C’est donc avec fierté que l’on nous fait faire le tour du chantier de ce qui sera bientôt, grâce aux dons internationaux (et en particulier l’argent provenant de la « taxe Chirac » sur les billets d’avion), le service DOTS +, du nom du protocole de traitement. Un peu plus loin, autre chantier, beaucoup moins réjouissant : on pose les premières pierres d’un futur service de soins palliatifs. Il accueillera à terme encore un autre type de patients, ceux qui sont porteurs de la forme extrêmement résistante de la maladie. Pour ceux-là, même le protocole DOTS + ne pourra rien et seule une amélioration de leur fin de vie peut leur être proposée.
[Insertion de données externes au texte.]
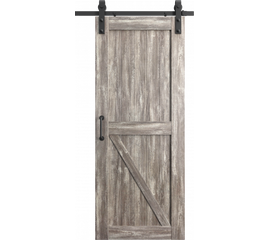 Межкомнатная дверь ВИТОРИ  Loft 3 ДГ ПВХ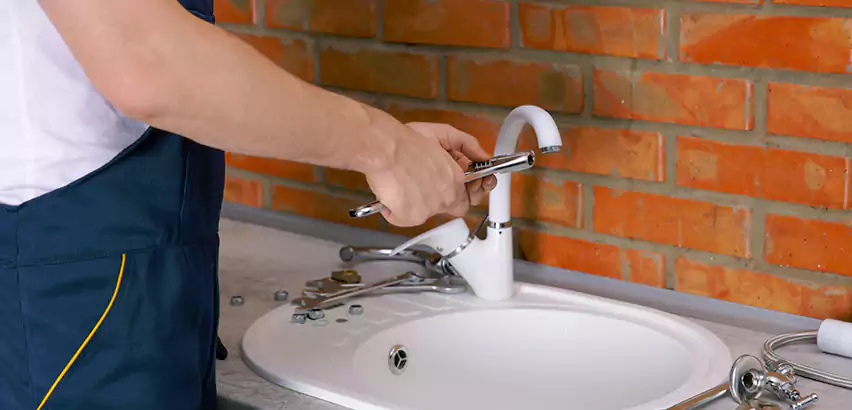Bathroom Sink Installation in Peachtree City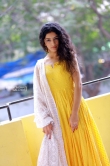 diksha sharma raina in yellow dress stills (8)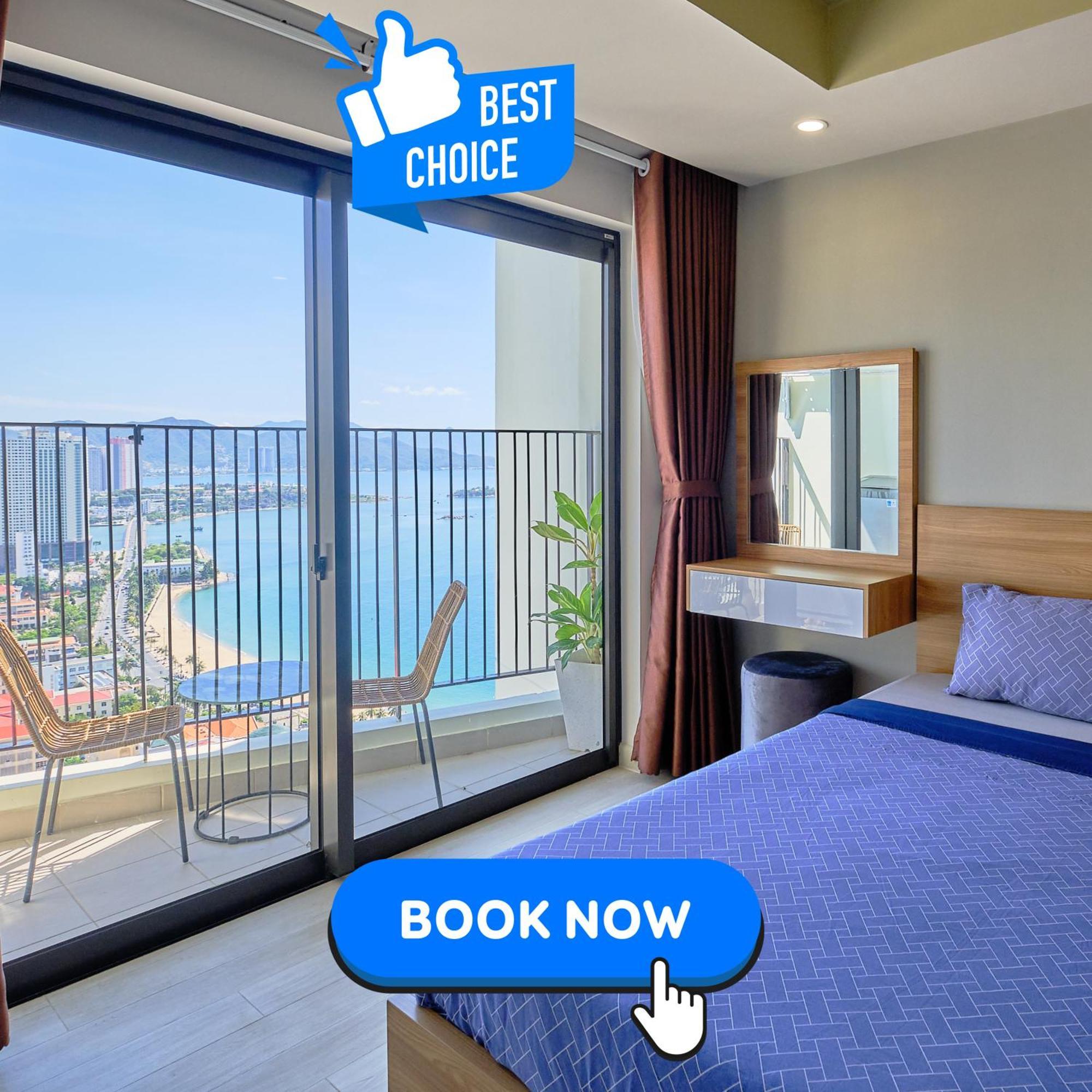 Sol Beach Apartments Nha Trang Ngoại thất bức ảnh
La tuberculose XDR, comme on l’appelle, inquiète véritablement la communauté médicale internationale, parce qu’elle la met face à sa responsabilité : croyant avoir éradiqué la TB chez les occidentaux, on a cessé les recherches de traitement et laissé l’épidémie reprendre sous des formes nouvelles en ex-URSS. Aujourd’hui, on se retrouve sans moyens pour la combattre, et alors que les déplacements migratoires entre Est et Ouest se multiplient, la TB fait un retour progressif en Europe. Triste prophétie du chef de mission de MSF au Kirghizistan : « Il y a deux grandes épidémies dans le monde : le SIDA, plutôt concentré en Afrique, et la TB, en ex-URSS. Pour l’heure les deux sont isolées, mais si elles venaient à se rencontrer, le résultat serait catastrophique. »
Camille et Mathilde
(1) Ces photos prises dans le SIZO, vous ne pourrez pas les voir. Elles etaient toujours sur l'appareil quand celui-ci nous a ete vole, il y a un mois de cela... Deux grosses pertes, donc.